(Scraped caption text data)
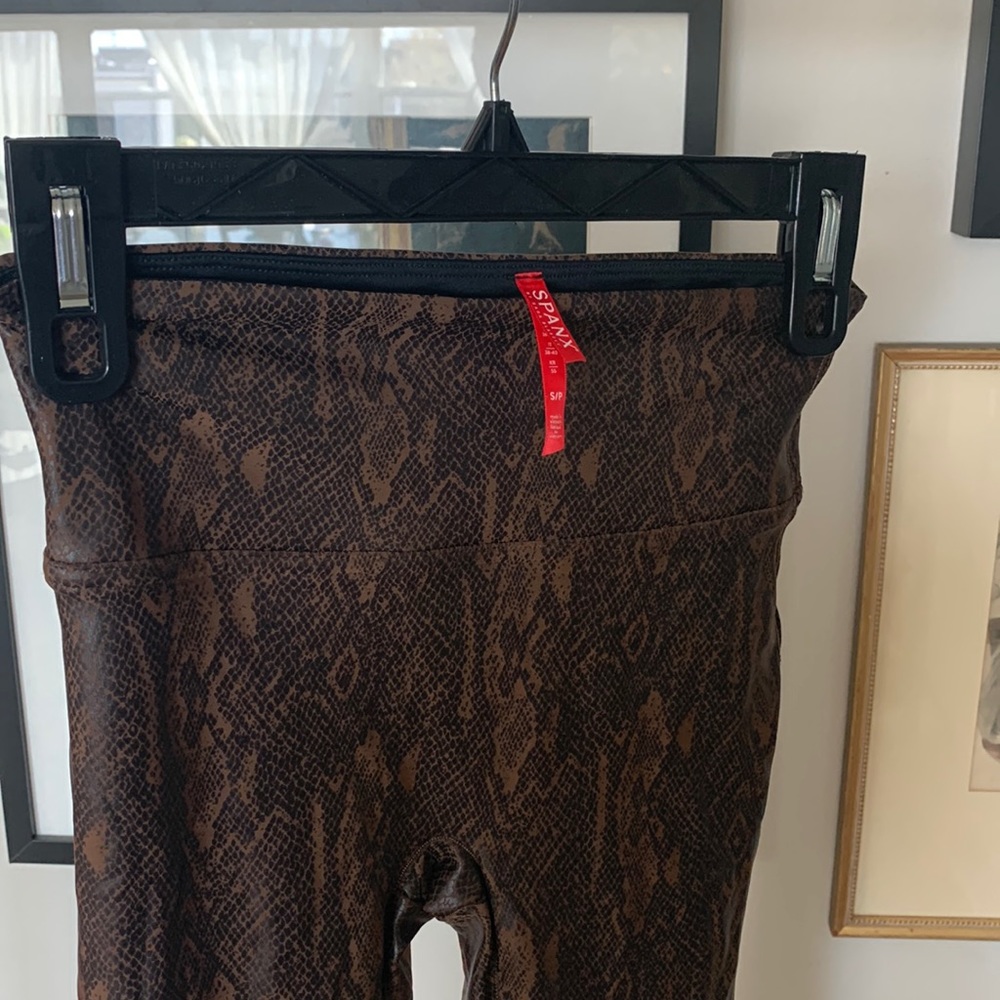 SPANX Leather Look Leggings Faux Snake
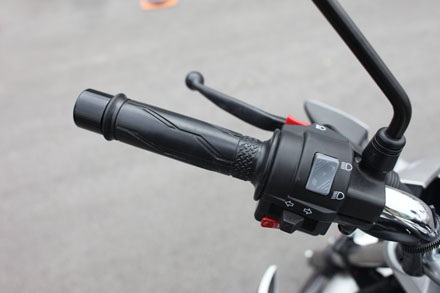 Yamaha FZ150i có giá bán 67,5 triệu đồng - 9 Yamaha FZ150i có giá bán 67,9 triệu đồng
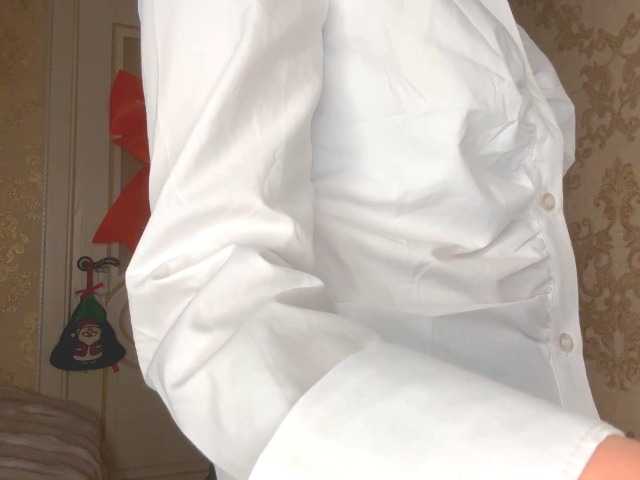 AlisiaBurgs's Thumb Image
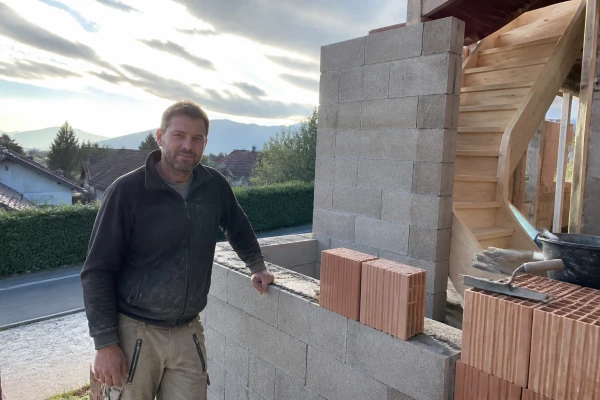 Artisan maçon extension maison individuelle Chapareillan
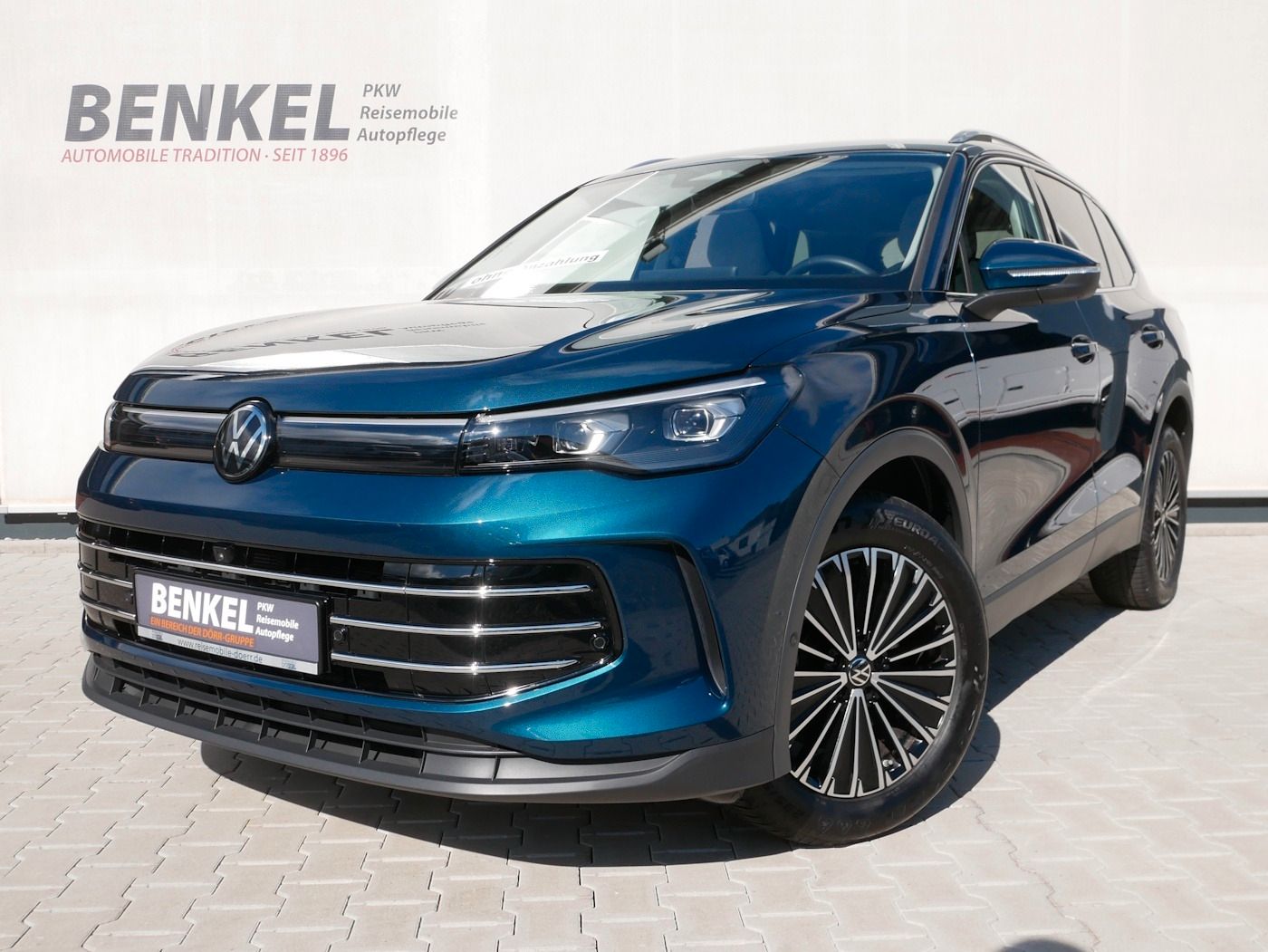 Fahrzeugabbildung Volkswagen Tiguan 2.0 Elegance NEU61T AHK DCC Matrix ACC KA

*What needs to be done*
Omit the pictures. Transcribe every record exactly.

*Task answer*
 SPANX Leather Look Leggings Faux Snake
 Yamaha FZ150i có giá bán 67,5 triệu đồng - 9 Yamaha FZ150i có giá bán 67,9 triệu đồng
 AlisiaBurgs's Thumb Image
 Artisan maçon extension maison individuelle Chapareillan
 Fahrzeugabbildung Volkswagen Tiguan 2.0 Elegance NEU61T AHK DCC Matrix ACC KA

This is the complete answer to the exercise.